Denuncia como infringidos los arts. 147 y 187, de la LEC , puestos en relación con el art. 225, de ese mismo texto legal y el 238.3, de la LOPJ .

Sin embargo, la pretendida indefensión, que curiosamente solo se le crea a Vima y no a la otra recurrente, no puede asumirse y por los argumentos que acto seguido desglosamos:

-Cuando se interpone un Recurso de estas características deviene fundamental especificar el concreto motivo en que se basa y, a su vez, de entre los reseñados en el art. 191, de la LPL . Mención ésta que al no obrar en su alegato sería más que suficiente para rechazarlo.

- Sin perjuicio de lo anterior y a mayor abundamiento, tratándose la nulidad de actuaciones de un remedo de carácter extraordinario, debe ser interpretada estrictamente y desde el punto de vista de la real indefensión que se le haya creado al que lo invoca.

-Partiendo de lo que reseñado en el párrafo anterior e incidiendo ahora Vima en las cuestiones fácticas, observamos que ninguno de los dos motivos que formula al amparo del art. 191.b), de la LPL , y en ambos casos sobre el tercer hecho probado, se sustentan en esos interrogatorios, sino en determinados documentos.

-Pero es que además y aunque así lo fueran, carecerían de validez a efectos revisorios, pues como reseña la norma que acabamos de mencionar y en conjunción con el art. 194.3 , de ese mismo texto, únicamente es viable acudir a las pruebas documentales y periciales practicadas en la vista oral.

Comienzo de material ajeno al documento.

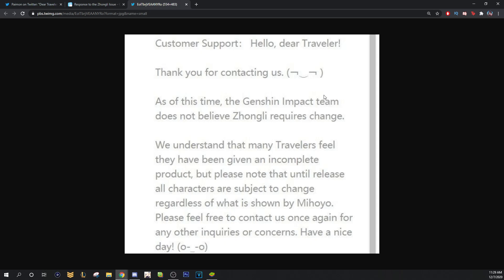So this is basically talking about if you see leaks or you find leaks on characters or whatever, that it doesn't matter what the character looks like in the beta or the leaks. That's not what the character will be in the full release. It is subject to change.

Llegados a este punto, recordaremos la naturaleza extraordinaria de la Suplicación frente a la apelación.

-Examinado el contenido del Acta extendida sobre la vista oral, sería más que suficiente, en cualquier caso, a los hipotéticos efectos probatorios que pretende.

-No consta que se le haya producido un especial perjuicio a la hora de redactar su Recurso, como tampoco que haya puesto los medios para subsanar el déficit grabatorio que relaciona; por ejemplo solicitando una nueva copia.

TERCERO.- Siendo dos los Recursos interpuestos se plantean problemas de interconexión: por ello y sin descuidar quien fue el primero en formalizarlo, intentaremos mantener cierta coherencia en nuestro expositivo.

Es común su primer motivo de Suplicación, tanto por afectar al tercer ordinal de la sentencia, como ser el mismo su amparo procesal -art.191.b), de la LPL-, los documentos en que se basan -144 a 172 y/o 181 a 193-, y finalmente su objetivo. En este orden de cosas, los dos denuncian como errónea la cita documental sobre la póliza de seguro colectivo suscrita entre ambos y que se incluye en el primero de sus párrafos.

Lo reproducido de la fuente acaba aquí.